Я до сих пор помню его куртку, чёрную кожаную, со множеством заклёпок и карманов. Он был высокого роста, худой, но широкий в плечах. У него была коротко стриженная голова и ресницы светлые и пушистые, какого-то персикового оттенка. Лёха был страшный и высокий для нас тогда, и нам казалось, что он преодолевал ступеньки в каждый пролёт этажа одним шагом. Лёха жил на последнем этаже нашей пятиэтажки. В квартире напротив жил мой одноклассник, поэтому мы с братьями иногда ходили на территорию Лёхи. Мы видели, что по мере того, как Лёха превращался из грозы нашего двора в члена бандитской группировки, на голубых стенах лёхиной лестничной клетки начали появляться надписи: "Леша, я тебя люблю". "Лёха, это твой сын". Все это сопровождалось нецензурными ругательствами чёрного цвета, написанными бычками от сигарет, и жирными точками сигаретной смолы на белом подоконнике между этажами.
Я ещё подумала тогда--как можно любить Лёху? Пыталась себе представить, как должна выглядеть эта женщина-монстр. Когда Лёха звонил нам пьяный в дверь, чтобы позвать папу и занять у него денег, я приподнималась на цыпочки, смотрела в дверной глазок, видела эту вытянутую бритую голову и плечи в кожаной куртке, и так и не смогла поставить себя на место женщины, которая написала на стене, что любит Леху.
Однажды Лёха подошёл пьяный к нам с братьями, когда мы играли во дворе. Было ощущение, что его всегда сопровождала неслышимая рок музыка. У нас каждый раз затаивалось дыхание, когда он с нами здоровался. И вот он обратился к моему младшему брату: "Нравятся эти качели? Смотрю, вы тут все время тусуетесь". Мой пятилетий брат робко ответил: "Да". Лёха бодро продолжал: "А хочешь, я их подожгу? Ты видел, как горят качели?" Мы ужасно его боялись и молчали. Тогда Лёха добавил: вечером смотри из окна, как они будут гореть.
Вечером мы сидели в гостиной и смотрели мультики. И вдруг мы увидели отражение огня из окна в экране телевизора. Мы подбежали к окну и увидели, как в нашем дворе буквой "П" полыхают качели. На нас произвело впечатление перемена чего-то очень известного и понятного, как качели, во что-то потустороннее. Но ещё, конечно, и то, что Лёха оказался человеком своего слова.

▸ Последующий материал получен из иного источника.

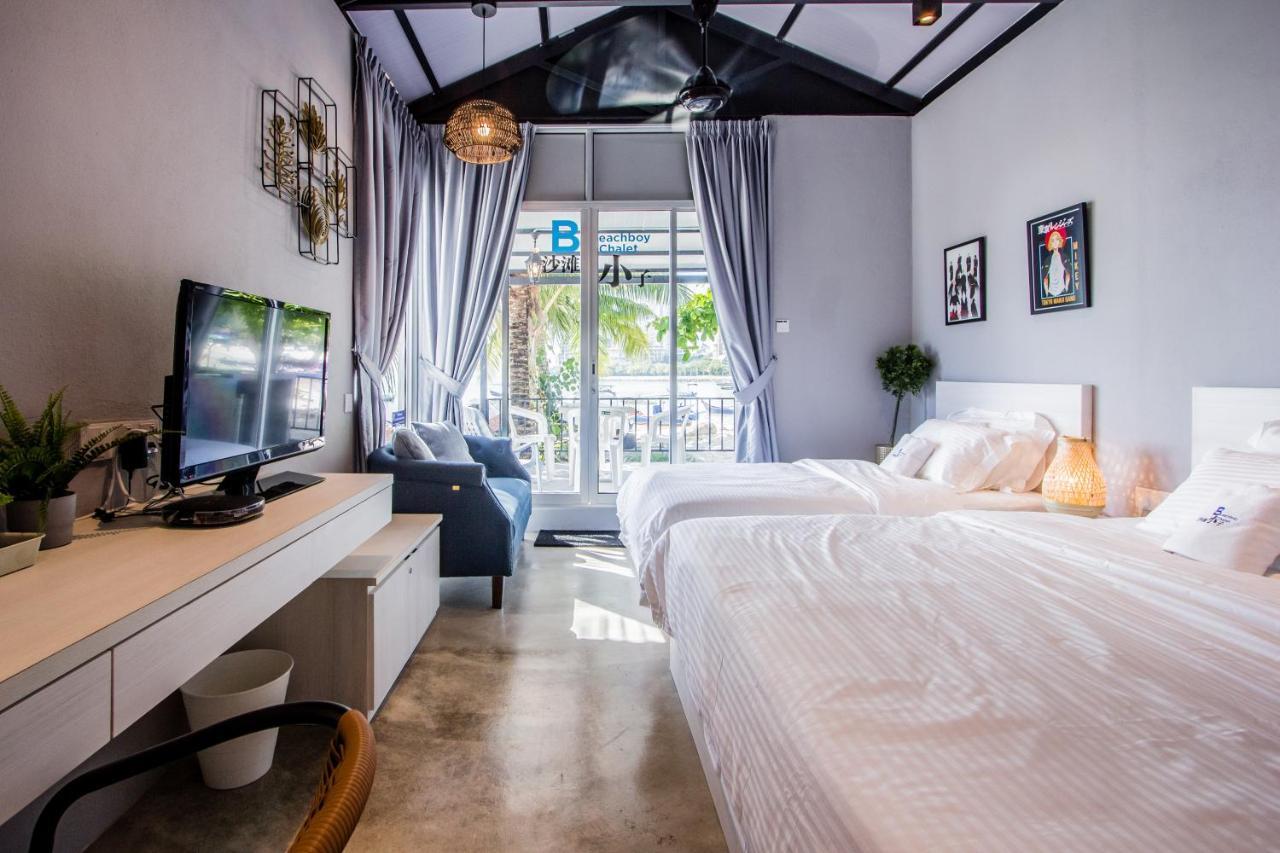 Beachboy Chalet By The Beach Bukit Lada 외부 사진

В этот тихий майский вечер середины 1995 года, шесть маленьких глаз смотрели из окна своей пятиэтажки на горящие качели, которые зловеще полыхали посередине московского двора полуспального района.
С того момента мы долго не видели Леху, а потом мы узнали, что его сильно избили на стрелке, и он вскоре умер в больнице. На стене еще несколько лет оставались надписи о любви к Лёхе, но потом их закрасили во время капитального ремонта.